To quote the Nobel prize winning economist Paul Krugman: “The short term costs of a trade war tend to be overstated but the long-term consequences of what is happening are bigger than most people seem to realise.
It is hard to justify claims that the trade war will cause a global recession but the Trump tariffs, should they all take effect, could still roll back at least 20-30 years of tariff declines.
Globalisation has been a key factor driving US profit margins higher by depressing US price and wage inflation and by boosting offshore earnings of US companies. This is particularly true for US technology; the sector has the highest percentage of non-US sales, at some 50%. So while US economic data may not be impacted much by the tariff war, the impact on US industrial and tech earnings could be larger. This means there is scope for further market downside if current tariffs remain in place permanently.

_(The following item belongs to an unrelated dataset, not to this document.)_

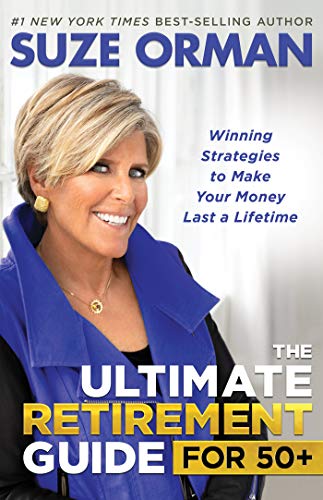Product Cover The Ultimate Retirement Guide for 50+: Winning Strategies to Make Your Money Last a Lifetime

However, it does feel like the tariff saga has the makings of an actual tech war now that Trump has issued an executive order laying the ground for US companies potentially being prohibited from using telecoms equipment made by the Chinese company Huawei.

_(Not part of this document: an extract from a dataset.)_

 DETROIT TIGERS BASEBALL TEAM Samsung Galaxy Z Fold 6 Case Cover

It is increasingly likely that the Chinese will see the trade dispute as a US effort to contain China economically as opposed to an effort to level the playing field. Unfortunately for markets, China bashing seems to be very popular with the US electorate and there is a presidential election next year. On the other hand, Trump also wants a strong stock market – or at least not a falling one with the election in mind. Therefore, some analysts have assigned a 60-70% chance that meetings between Trump and Chinese President Xi at the G-20 summit in Japan on June 28th get the trade talks back on track. However, this is no longer a near certainty and between then and now investors are at the mercy of presidential tweets.
On Iran, it is noteworthy that the nuclear accord is at risk of collapse after Tehran announced it would cease to implement some of its commitments under the 2015 agreement. This move came amid rising tensions as America ramps up pressure on the country one year after Trump withdrew the US from the nuclear accord. This move increases the likelihood of a military accident happening in the Middle East, which if it were to occur would be bad for risk assets except for oil. This could also benefit gold (a risk-off asset), which has provided a real return to investors over the last 10 years, 20 years and 30 years.
The bottom line is that without a positive catalyst, the global growth backdrop is not very supportive for further substantial gains in risk assets from here, given current valuations.